Content starts

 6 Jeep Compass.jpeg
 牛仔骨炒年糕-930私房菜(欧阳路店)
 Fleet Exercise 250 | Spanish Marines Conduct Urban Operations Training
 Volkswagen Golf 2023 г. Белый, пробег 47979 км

Content ends
Content starts

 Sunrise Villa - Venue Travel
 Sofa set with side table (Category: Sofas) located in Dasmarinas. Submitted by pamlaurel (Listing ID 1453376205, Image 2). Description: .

Content ends

▸ **WHAT TO PRODUCE**: Going back over the entries above, copy word for word every line from the one that has "6 Jeep Compass.jpeg" on through the one that has "Volkswagen Golf 2023".

▸ **EXPECTED ANSWER**:
 6 Jeep Compass.jpeg
 牛仔骨炒年糕-930私房菜(欧阳路店)
 Fleet Exercise 250 | Spanish Marines Conduct Urban Operations Training
 Volkswagen Golf 2023 г. Белый, пробег 47979 км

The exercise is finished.